Russians are very interested in death. In fact, there’s a big argument now about where Sergei Rachmaninoff himself should be decomposing. He is currently interred in Valhalla, which is just outside New York City, but there are those who believe he should be rotting in the homeland instead. They’re willing to hoist him up and make it happen, too.

The Russian Culture Minister, Vladimir Medinsky, stated with confidence that Rachmaninoff had dreamed of being buried in Russia, although there’s no way of knowing if that was one of his good dreams. And it is true that the composer missed his home country terribly, but if he’d wanted to be buried in Russia he could have just hung around in 1917 and let the Bolsheviks do him in. Then it would just have been a matter of digging him up and relocating him when and if he became fashionable again.

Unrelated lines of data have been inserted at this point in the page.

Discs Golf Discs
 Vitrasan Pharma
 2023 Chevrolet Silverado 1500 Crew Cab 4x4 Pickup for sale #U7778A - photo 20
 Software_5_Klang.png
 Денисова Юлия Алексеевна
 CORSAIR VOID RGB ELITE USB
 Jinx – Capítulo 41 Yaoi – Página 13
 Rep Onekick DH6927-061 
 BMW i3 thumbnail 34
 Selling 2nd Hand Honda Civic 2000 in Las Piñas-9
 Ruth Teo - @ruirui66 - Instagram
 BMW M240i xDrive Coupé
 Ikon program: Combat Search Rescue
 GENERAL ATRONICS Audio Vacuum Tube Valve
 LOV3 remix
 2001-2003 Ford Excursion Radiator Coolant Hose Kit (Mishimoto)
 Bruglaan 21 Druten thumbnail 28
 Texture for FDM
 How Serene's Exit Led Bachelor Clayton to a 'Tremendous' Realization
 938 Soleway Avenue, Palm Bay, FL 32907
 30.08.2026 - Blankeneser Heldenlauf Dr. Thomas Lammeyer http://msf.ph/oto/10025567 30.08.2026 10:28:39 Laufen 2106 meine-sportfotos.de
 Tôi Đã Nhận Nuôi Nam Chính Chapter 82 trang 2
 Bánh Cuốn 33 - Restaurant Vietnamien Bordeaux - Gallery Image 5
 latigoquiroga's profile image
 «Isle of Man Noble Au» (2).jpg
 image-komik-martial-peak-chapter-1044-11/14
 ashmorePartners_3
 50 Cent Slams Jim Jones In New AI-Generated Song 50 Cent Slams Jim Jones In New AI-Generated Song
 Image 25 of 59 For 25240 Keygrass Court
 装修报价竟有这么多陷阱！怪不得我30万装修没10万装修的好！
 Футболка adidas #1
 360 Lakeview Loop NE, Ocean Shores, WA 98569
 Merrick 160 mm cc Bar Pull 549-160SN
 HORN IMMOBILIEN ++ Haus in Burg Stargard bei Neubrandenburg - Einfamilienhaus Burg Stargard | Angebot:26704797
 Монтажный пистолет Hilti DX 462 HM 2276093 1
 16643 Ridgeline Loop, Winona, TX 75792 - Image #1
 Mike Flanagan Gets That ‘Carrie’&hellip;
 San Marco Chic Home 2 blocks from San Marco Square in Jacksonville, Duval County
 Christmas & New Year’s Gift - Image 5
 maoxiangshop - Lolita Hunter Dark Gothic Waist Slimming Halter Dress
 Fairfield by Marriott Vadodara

That’s what happened to the Romanovs. They weren’t even all that reliably dead for a while, and mostly unaccounted for, but eventually a lot of their bits were rounded up and given a proper burial. Basically, any dead Russian of prominence can expect to be periodically exhumed and relocated according to the whim of whoever is currently in charge of writing history. If you’re a valuable Russian commodity of the 20th century, at a minimum, you can expect to trot the globe for a while, and then try to grab a spot six feet under and hold on, but there will be no guarantees.

I’m not 100% sure it ever makes sense to be proud of where you came from. It’s not as though it’s an accomplishment. Still, Russians can justify their allegiance as much as anybody. Theirs is a rich and storied culture. They don’t write little novels. They don’t compose little pieces. They might have been exiled in life, but that doesn’t mean they’ll stay that way.

As formerly living valuable Russians, they must be ready to continue to serve the state, but the state wants to curate their corpses: they don’t want just anybody. The Siberian tundra is spackled with deceased citizens of strong character who didn’t start out there, and those are likely to stay put. But there is a strong conviction that any retrievable portions of approved illustrious dead Russians should be gathered up and bronzed, stuck in a glass box, refabricated as nipple jewelry for the President, shoved underground again for the greater glory of the motherland, or pulverized and shot out over Ukraine to inspire the troops. Resting in peace is for sissies. Westerners.

As an American, I have the leisure to expect my own carcass to stay put, but I don’t care. I do not give one hoot about where my remains end up. I certainly do not believe I should be carried back to Old Virginny, the place where I was born. If anyone asks, my preference  would be to be recycled as vulture poop, and the vulture can drop her load anywhere she wants.